# What colour horse is this?



## FalineDear (Nov 17, 2012)

He's a Kentucky Saddle Horse gelding, and he's got no dorsal stripe. 
Friday Oct. 20 022 | Flickr - Photo Sharing!
I've heard champagne, palomino and buckskin.


----------



## Nightside (Nov 11, 2012)

It's hard for me to see on my phone but champagnes have pink skin with dark freckles. 
_Posted via Mobile Device_


----------



## Spotted (Sep 19, 2012)

I will guess dun. maybe with something else


----------



## MangoRoX87 (Oct 19, 2009)

He doesn't have leg stripes or dorsal so no on dun.

I'm voting champagne


----------



## Chiilaa (Aug 12, 2010)

Buckskin, maybe with silver but not sure of that part.


----------



## Nine (May 25, 2008)

I'd call it a buckskin.


----------



## BarrelRacingLvr (Feb 26, 2012)

I'm on the Champagne wagon as well....


----------



## Spotted (Sep 19, 2012)

Sorry I should read better ha ha. maybe a buttermilk buckskin


----------



## verona1016 (Jul 3, 2011)

What color are her eyes?

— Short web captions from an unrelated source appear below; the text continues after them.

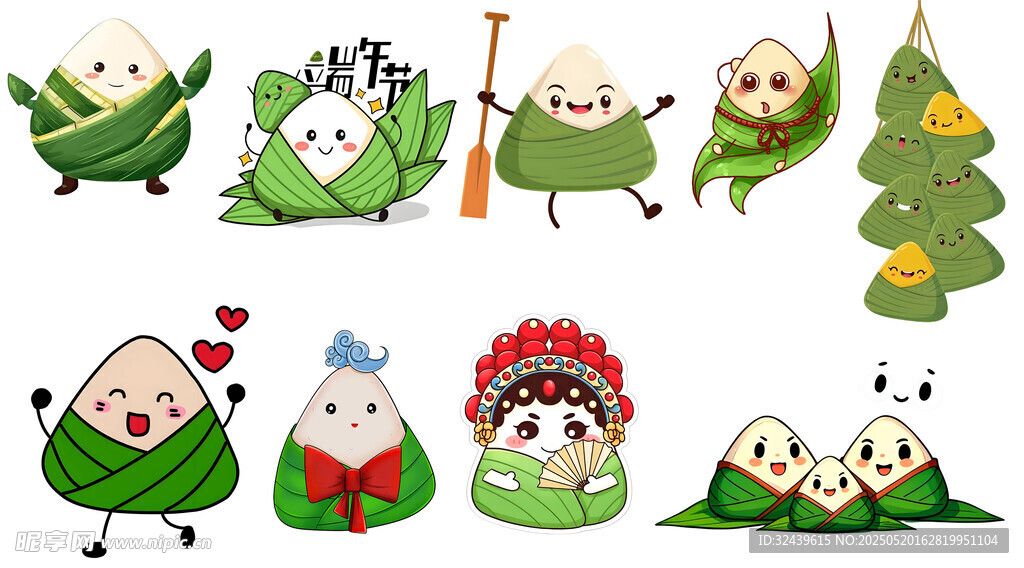 可爱卡通粽子与绿植组合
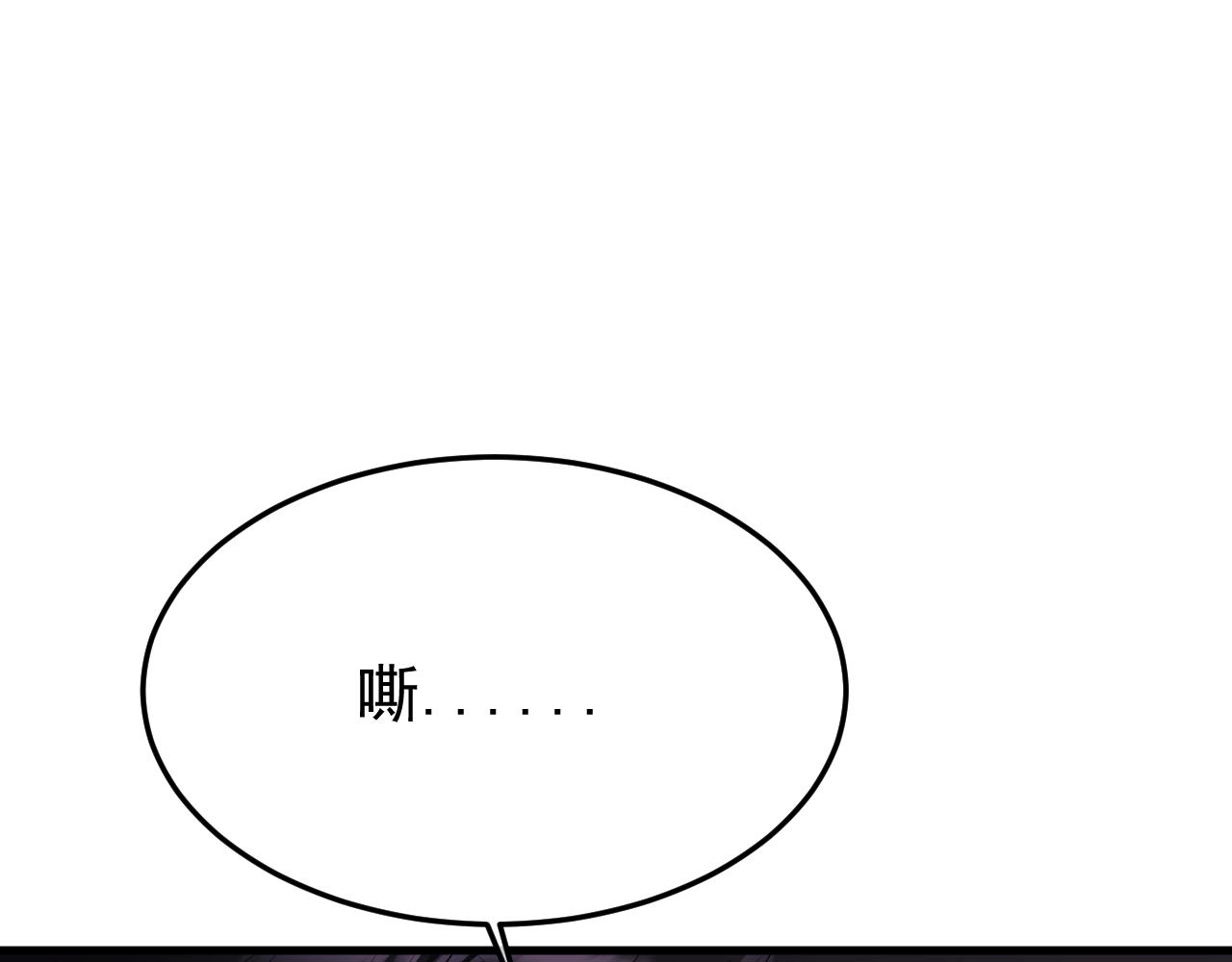 39-懦夫的邀请(1/3)-第40话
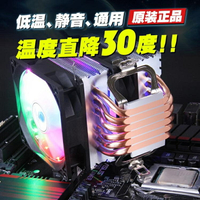 玄冰風6熱管靜音CPU散熱器cpu風扇AMD台式機電腦風冷2011針X 全館免運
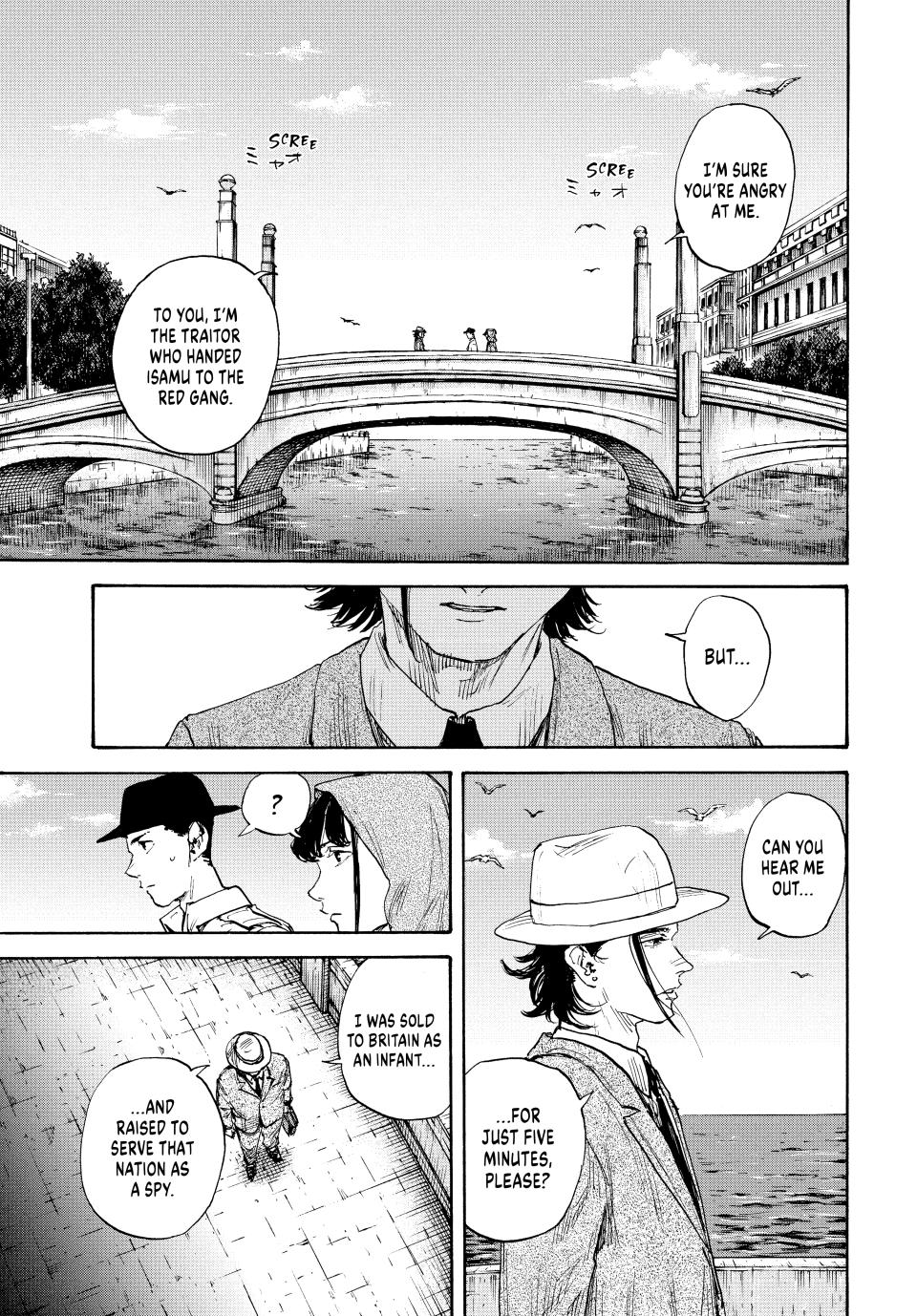 Manchuria Opium Squad Chapter 157 - Page 3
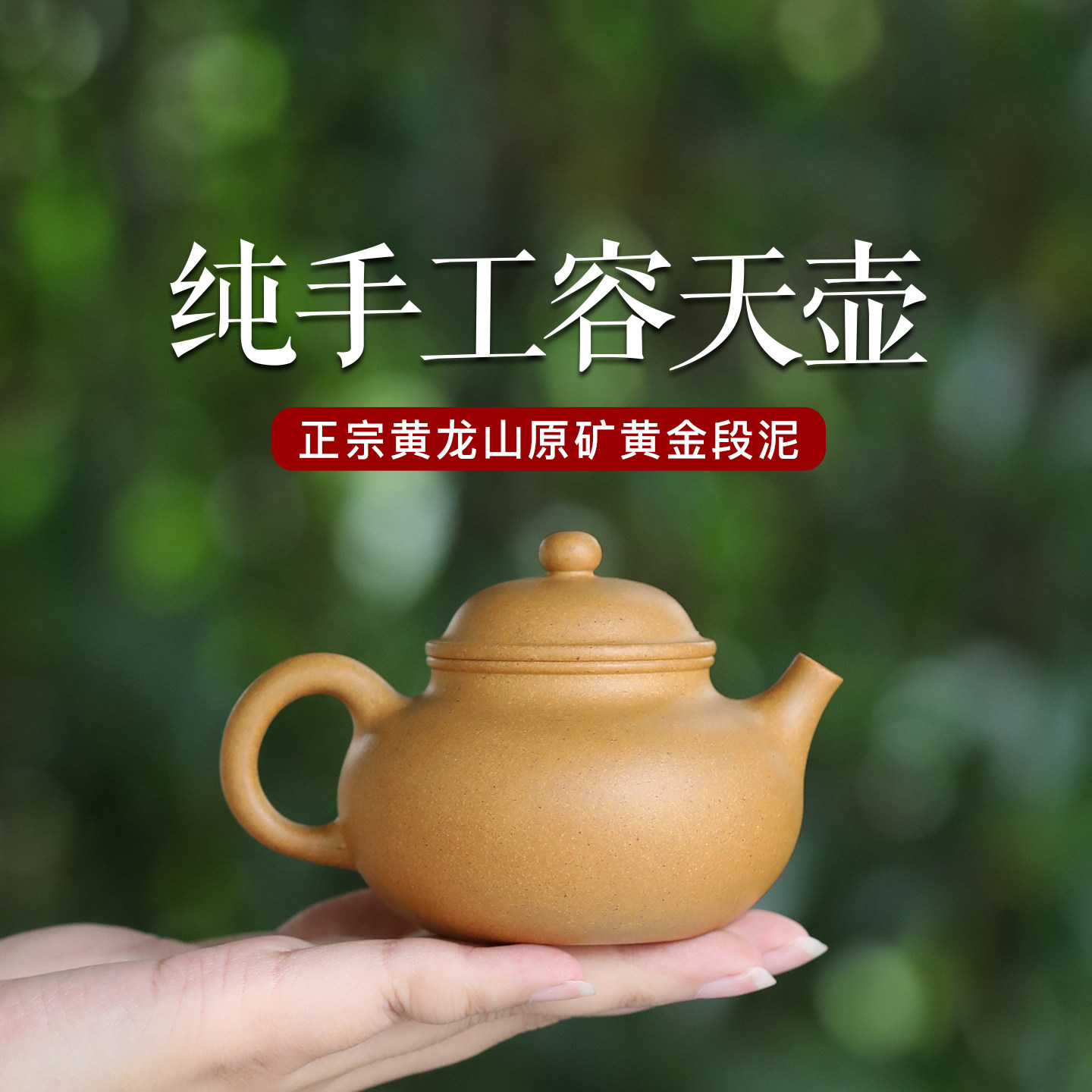宜兴纯手工紫砂壶名家正宗原矿黄金段泥容天壶家用功夫泡茶壶具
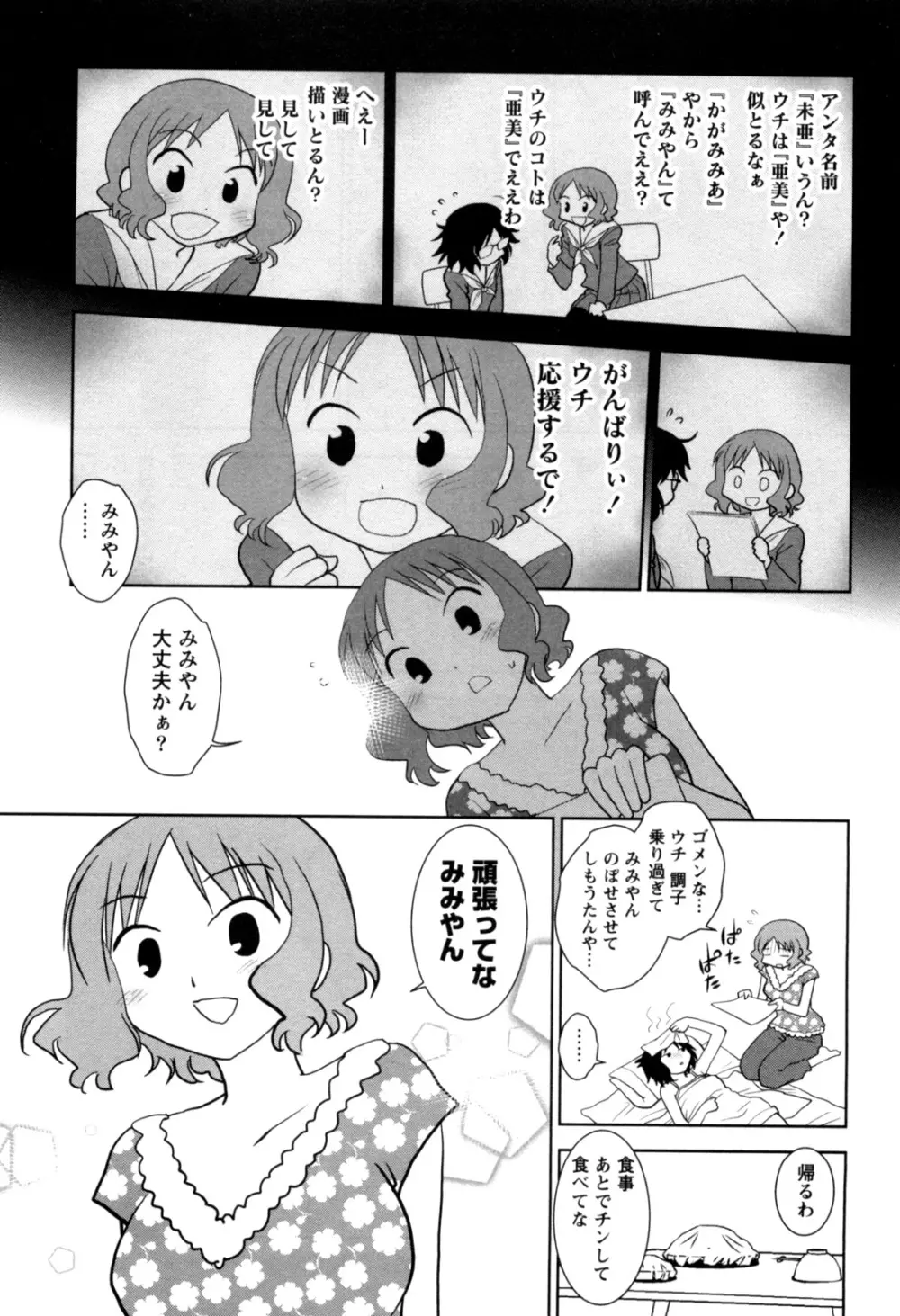 えろまん。 47ページ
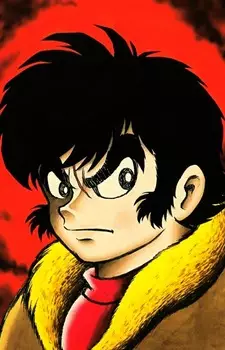 Gambar Karakter Anime: Mondo Saotome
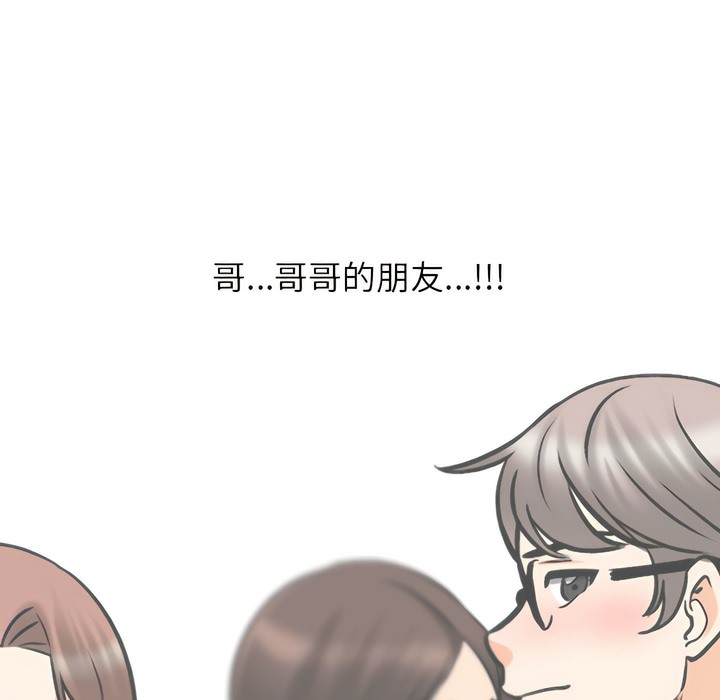 98P - 同事换换爱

Does she have any freckles around her muzzle? I'd guess buckskin from that photo, but I wouldn't rule out amber champagne, either


----------



## FalineDear (Nov 17, 2012)

His eyes are a yellow-ish green. No black spots around his muzzle.


----------



## MangoRoX87 (Oct 19, 2009)

Green eyes gave it away....champagne.
_Posted via Mobile Device_


----------



## Cowboy Ringo (Sep 17, 2012)

Champagne.

I love KY saddle horses, even have one my self.
As stated above the green eyes are a dead give away.


----------



## SunnyMeadeFarm (Sep 3, 2012)

*EDIT:* I just saw the part abou his eyes, no doubt he's a champagne, I thought he was a buckskin at first. 
Here's a great link: http://www.ichregistry.com/identification.htm


----------



## cowgirl4753 (Aug 3, 2012)

Vote for amber champagne especially if his eyes are the colour you say!
_Posted via Mobile Device_


----------